Because I’m not a practicing Buddhist, I imagine that the way I do Tonglen for myself may be different from what is officially taught. Also, because of the world I grew up in as a child, with a grandmother who was both a healer and happened also to be clairvoyant, I tend to add in some of the energy protections and imagery elements she taught me when I was very young.
The basics of the practice involve remembering that the energy of love in your heart is a fiery presence and it’s the fire of love in your heart that will neutralize and metabolize whatever suffering or distress you focus on. Let’s say you’re feeling anxious about something and you can’t seem to calm down. Take a moment to focus your awareness in your heart as you attune yourself to the anxiety you feel. Then, remember that, in this same moment, there are countless people all around the world who have that same feeling. Breathe in their anxiety, combined with your own, into the fire in your heart and allow the fire to burn away the anxiety, leaving neutral energy that is now available to embody a different quality.
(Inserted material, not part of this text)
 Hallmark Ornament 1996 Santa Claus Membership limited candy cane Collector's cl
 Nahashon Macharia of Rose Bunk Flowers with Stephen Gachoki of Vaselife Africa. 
Then, choose a quality you’d like to experience—perhaps calm, ease, or some other—and, in your imagination, fill the neutralized energy in your heart with that quality. As you breathe out, fill your body with the positive quality you have chosen and then continue to breathe that quality out into the world, sharing it with everyone. Do this for as many breaths as it takes for you to feel a shift in your experience.
There is another step you can use if you’re uncomfortable breathing distress or suffering directly into your heart. You can imagine that you are surrounded by a cleansing white light and that whatever you breathe in becomes neutralized by that light before it reaches the fire in your heart. Then you can follow the process described in the paragraph above. I began this way until I became confident of the fire in my heart, which Buddhist teacher Pema Chodron says gets stronger as you do the practice. I have experienced that to be true so I no longer use the white light, but it’s a fine way to begin.
Here are the links to this practice on my website.
I’ve shared these in other weekly practices as I feel that Tonglen is an important contribution to being able to move through suffering and distress with less overwhelm and, at the same time, to offer support to others in our human family. In these current times, I make it a “mental hygiene” practice for myself, using it when I need to in order to be able to be centered and open-hearted as I move through my daily activities.
As with all these practices, please explore what works best for you. Remember to bring along curiosity as your constant companion and to pat gently on the head any judgments that may arise. Even though I’ve shared the particular way I do this process, with apologies to the official Buddhist practice, it’s important to find what comes alive for you. One of the things I have always done is only stay with processes and practices that feel alive to me. Once something no longer feels alive to me, I allow myself to be open to other practices or approaches. That said, one of the profound benefits of regularly practicing Tonglen is that it strengthens the power and openness of the heart and that is a beautiful gift we can offer to ourselves and to the world around us.